Reimagining the Foreign Service EER

Speaking Out

BY JASON RUBIN

Speaking Out is the Journal’s opinion forum, a place for lively discussion of issues affecting the U.S. Foreign Service and American diplomacy. The views expressed are those of the author; their publication here does not imply endorsement by the American Foreign Service Association. Responses are welcome; send them to journal@afsa.org.

The State Department’s employee evaluation report (EER) fails to achieve two key objectives of any effective performance evaluation system: identifying candidates for promotion and providing constructive feedback to employees. Additionally, artificial intelligence (AI) is quickly undermining what little value our narrative-focused format provides, as the technology turns even benign accomplishments into compelling texts that algorithmically maximize scoring rubrics.

It is past time to imagine a more quantitative framework that reduces reliance on employee-written narratives, combats rating inflation through a weighted scoring system, and emphasizes core competencies over circumstantial accounts of achievements.

Recent calls from leadership to reform the department’s recruiting, performance, and retention standards present a unique opportunity to design an evaluation system that fosters real leadership, enhances accountability, and recognizes employee potential.

Evaluating a Memoir

We often joke that the EER process is little more than a “writing contest,” but that’s a remarkably accurate description. Even in its ideal form, where supervisors determine the content for the rater and reviewer sections, the narratives still frequently fail to distinguish candidates for promotion and provide zero constructive feedback to employees.

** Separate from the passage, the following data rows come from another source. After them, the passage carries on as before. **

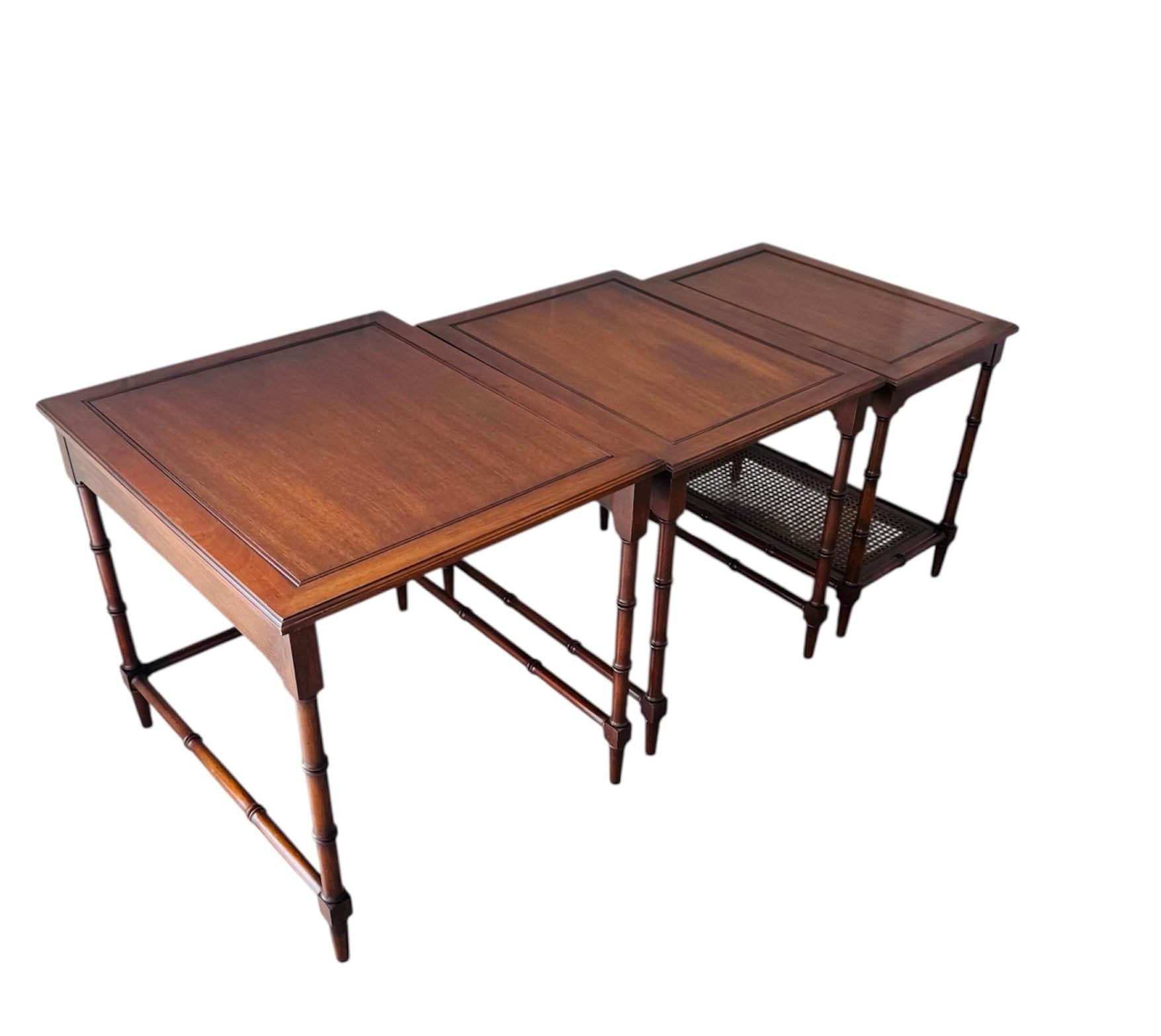 Mid-20th Century 1960s Mahogany Faux Bamboo Cane Set Of 3 Nesting End Tables For Sale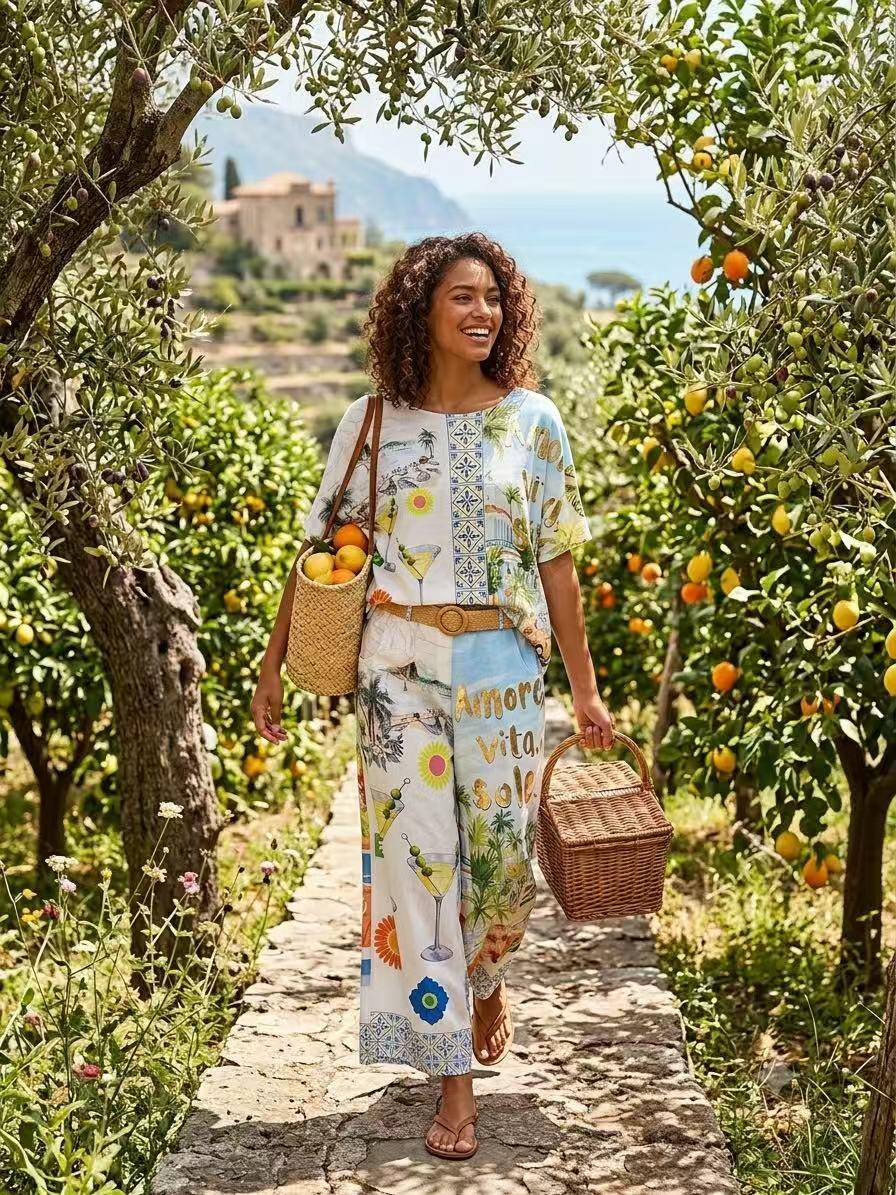 Wholesaler OZ - PRINTED TROUSERS WITH BELT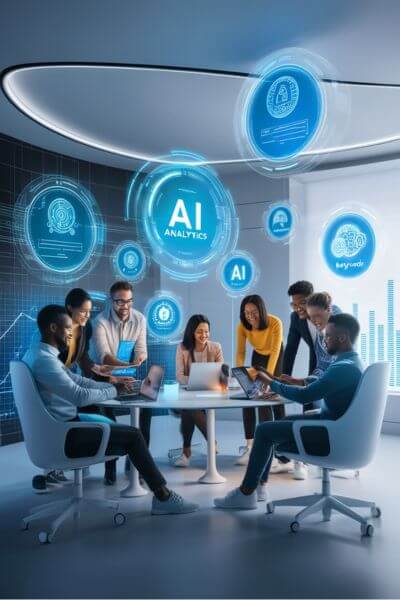 A modern team working on laptops and tablets, surrounded by digital icons for AI, keywords, and analytics, with a futuristic background showcasing growth and technology.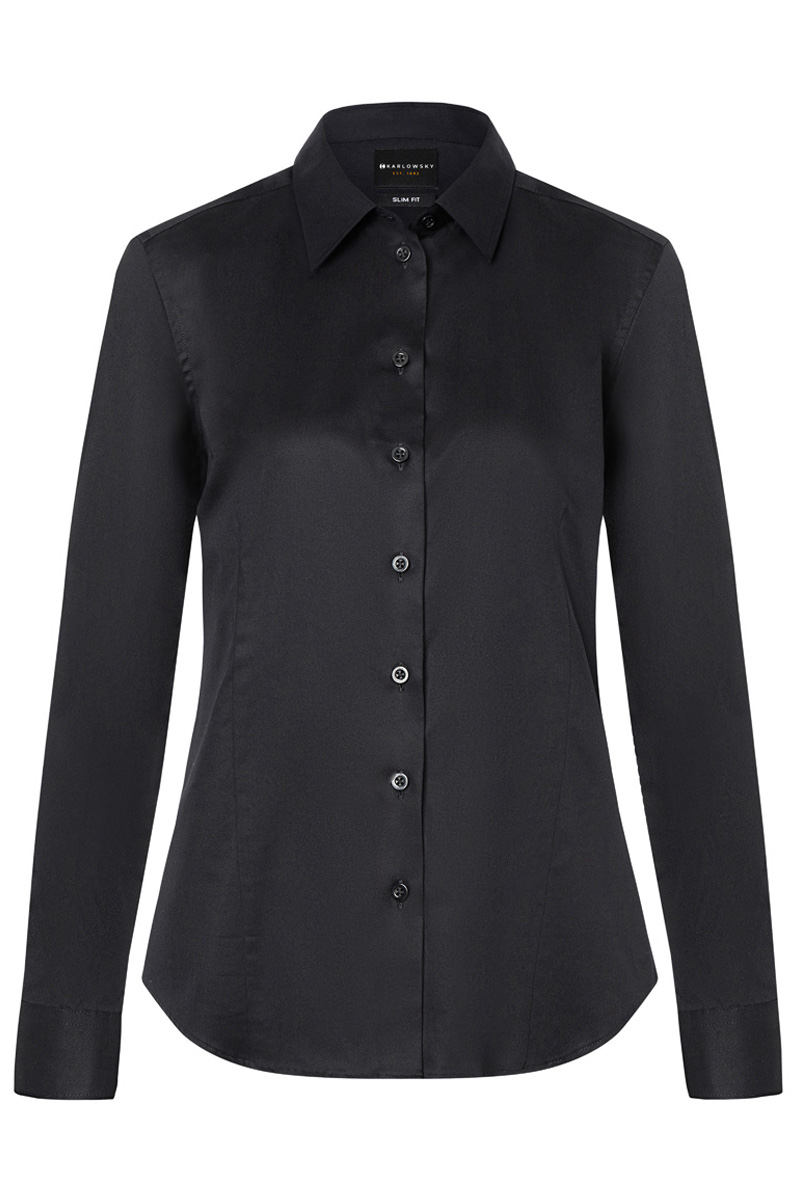 Karlowsky Langarm Damenbluse Active-Stretch in Modern-Fit in Schwarz – Vorderansicht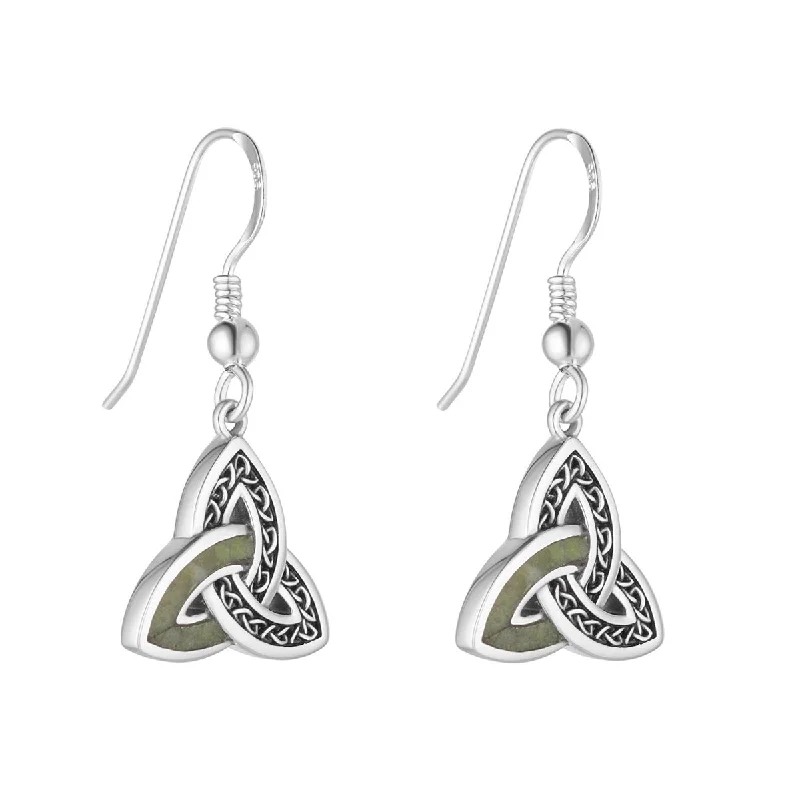 women's earrings sapphire -Sterling Silver Connemara Marble Trinity Knot Earrings - S34249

Problem 1: Failure to distinguish between candidates. Lacking discrete performance measures or context of an employee’s relative performance, promotion boards must intuit how an employee’s character, interpersonal skills, and intellect compare to peers based on wildly differing personal accounts. It goes beyond comparing apples to oranges: It’s as if the board is comparing each fruit’s taste and appearance based solely on the fruit seller’s written account.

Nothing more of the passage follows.